The first product Veen implemented was Network Node Manager after Veen rolled out fibre to 75 per cent of the state's schools. It keeps track of performance for the 881 routers and thousands of switches on the department's network — necessary since the department only buys bandwidth for the schools from Telstra, not managed network services. Kinetic manages the network with around six staff, Veen said.

Soon after, he adopted HP's Service Desk since the software the department had been using, Magic Help Desk (now BMC), didn't cover the department's ITIL needs. Service Desk logs calls and keeps track of things such as change and release management.

Thirdly, the department implemented OVO (now Operations Manager) which helped it manage servers and switches in schools. When devices hit their thresholds, Service Desk is notified. Currently the department has 2.5 thousand servers to manage and five major storage area networks, although Veen will be putting out a tender soon to virtualise the latter.

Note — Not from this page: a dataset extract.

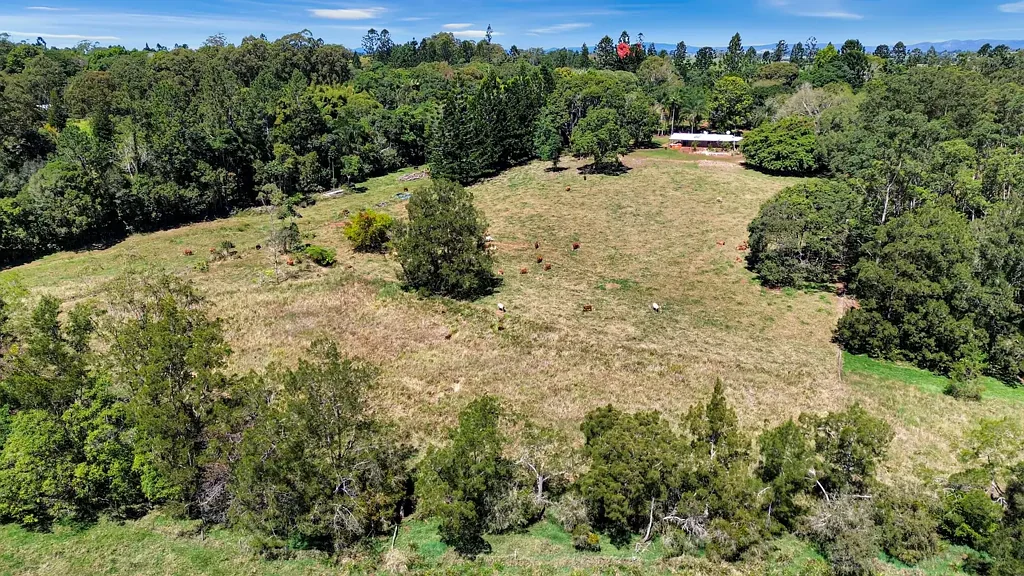 Peeramon 4 Bedroom Private Acreage with Permanent Water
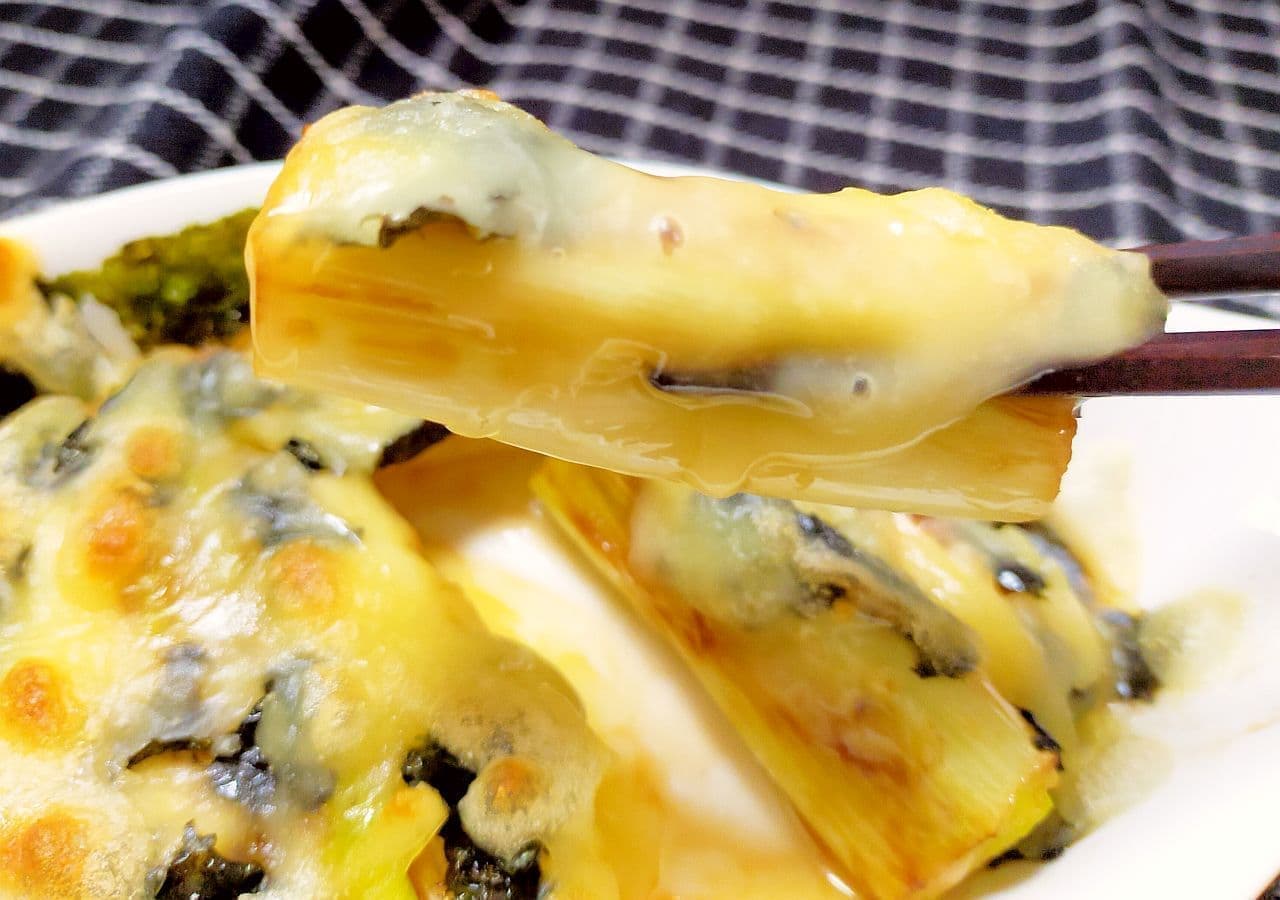 Recipe for "Grilled green onion seaweed cheese"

Veen has reduced the number of servers in the administration part of the department from 600 to 250 using VMware. His goal now is to reduce the number of servers in schools: instead of each school having a curriculum and administration server, each school will just have one server, not including media servers. This will bring down the number of servers to around 1,000, he said. There was also the possibility to completely remove servers from primary schools by centralisation made possible via good bandwidth management, Veen said.

Performance Insight came next, which looks into the application layer to see whether there are problems with the applications. The latest deployment was Configuration Manager for rolling out patches and application updates.

With HP Service Manager 7, these products will be more integrated, according to Veen, although he had not yet looked into the extra functionality it would provide.